Le Service de génie de la MRC, qui s’est bonifié au fil du temps, compte aujourd’hui trois ingénieurs et six techniciens pour une population de 18 600 habitants, répartis en 18 municipalités. Financé presque entièrement à même les fonds publics (quote-part des municipalités et contrats octroyés par les administrations locales), ce service s’est révélé un choix payant. Car la mise en commun de certaines ressources (équipements, matériel, personnel) et, surtout, le fait que les honoraires facturés aux municipalités clientes soient environ 45 % moins élevés que ceux des grandes firmes de génie-conseil, permettent d’offrir à moindre coût des services de génie civil de qualité (conception et surveillance d’infrastructures, exploitation de réseaux d’aqueduc, gestion des matières résiduelles, etc.). Sans compter que le recours à l’expertise publique permet d’outrepasser les stratagèmes de collusion et de corruption échafaudés par les firmes privées, qui font grimper la facture des travaux publics comme l’a révélé la commission Charbonneau…
 
La tarification avantageuse n’est toutefois pas le seul bienfait du service. Sa proximité des communautés desservies est un précieux gage d’autonomie et d’expertise locales dans une région où la firme d’ingénierie la plus proche est à 100 km (à Rimouski).
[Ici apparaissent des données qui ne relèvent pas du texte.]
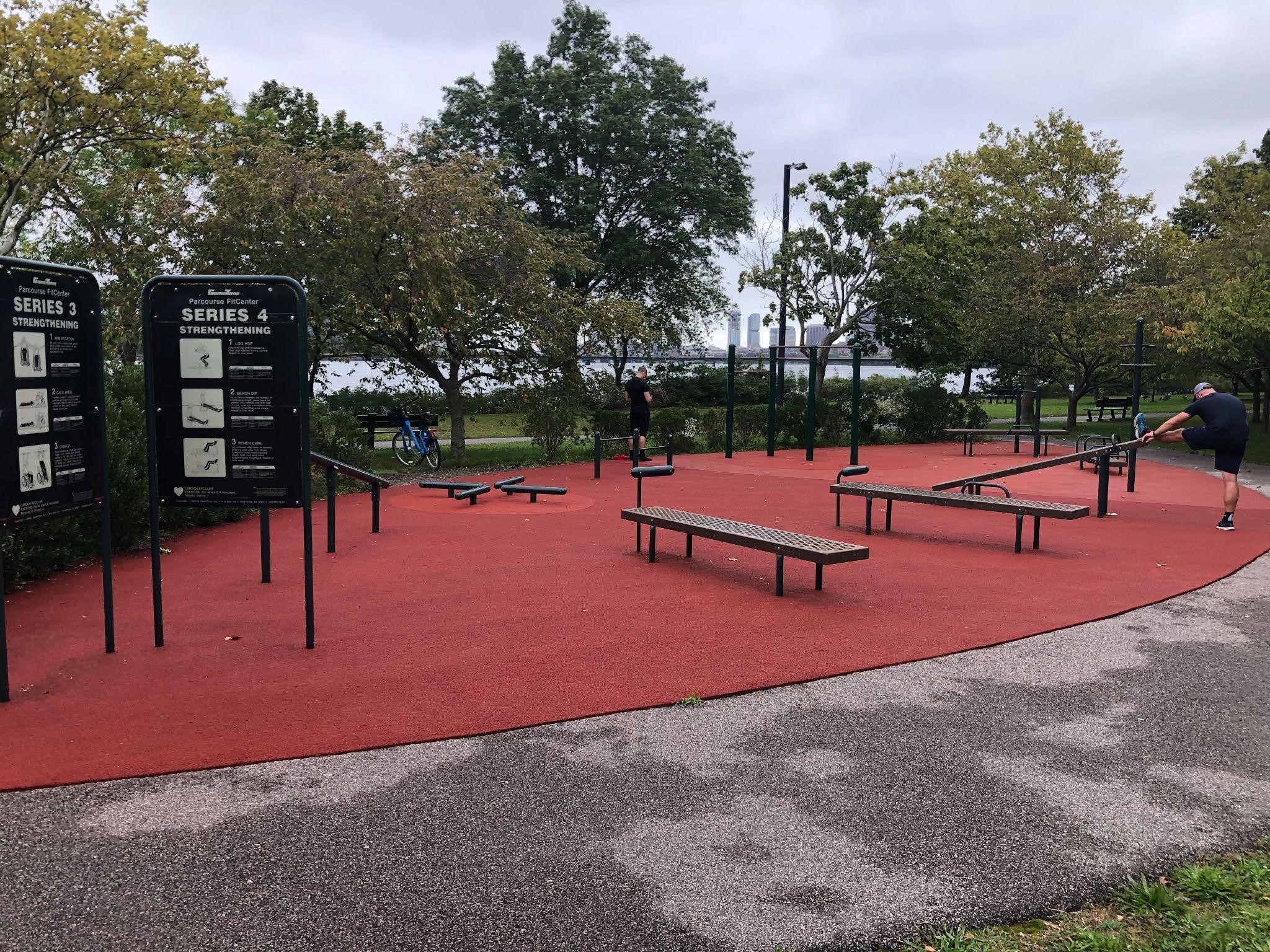 Outdoor gym with benches and exercise instructions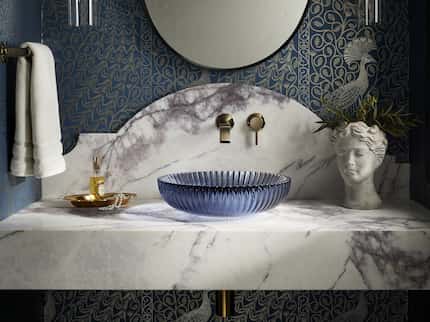 Blue glass sink on marble vanity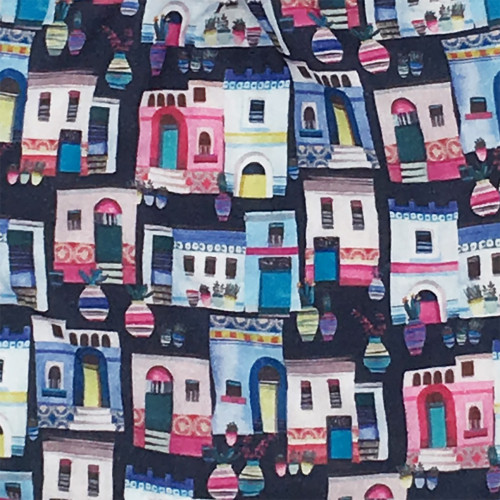 Tissu doudou Santorin représentant des petites maisons colorées. Cadeau personnalisable et made in France. Nin-Nin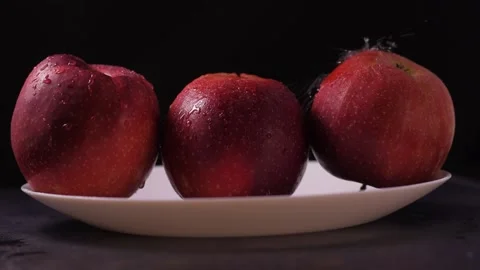 Juicy red apples close up.Fresh fruits and berries splashing Stock Footage 186986925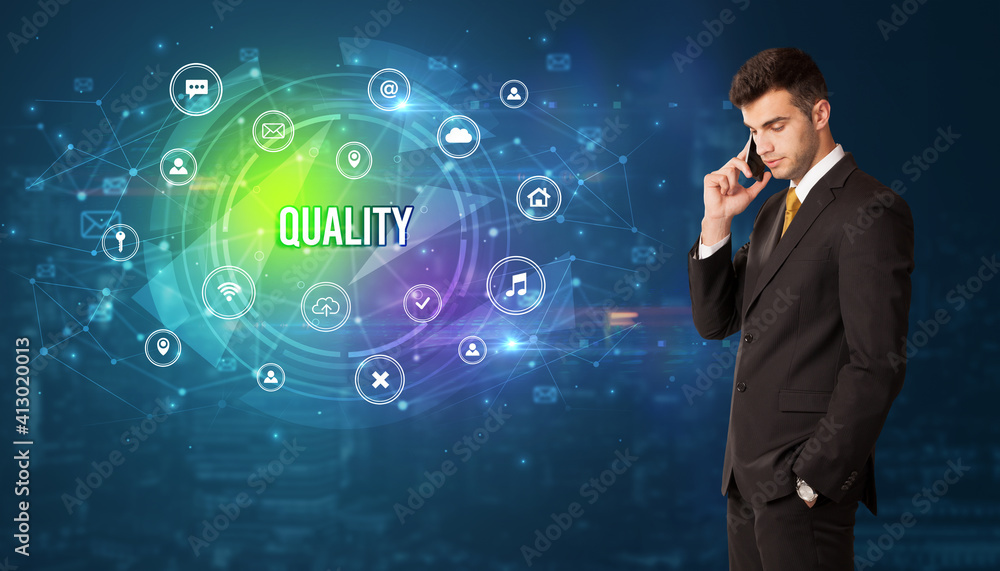 Businessman thinking in front of technology related icons and QUALITY inscription, modern technology concept Businessman thinking in front of technology related icons and QUALITY inscription, modern technology concept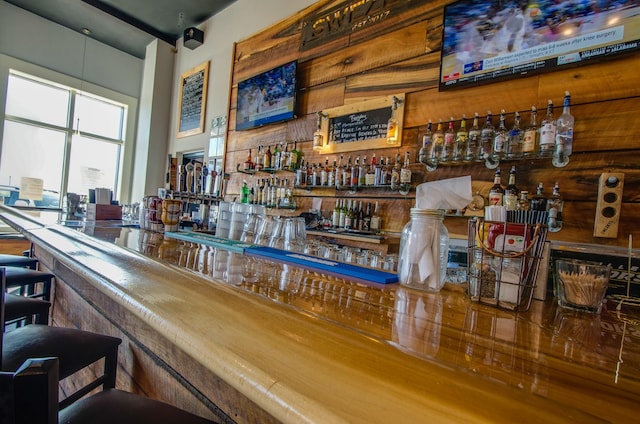 bar featuring wooden walls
Il permet en outre un véritable lien de confiance entre les élus, le personnel des municipalités et celui du service.
 
Si certains défis attendent ses gestionnaires – notamment celui d’attirer une relève dans la région –, l’expérience de la MRC de La Matapédia offre une preuve que le recours au privé est loin d’être une fatalité. La valorisation du service public est une question de choix politique et peut être un véritable remède à la collusion et à la corruption.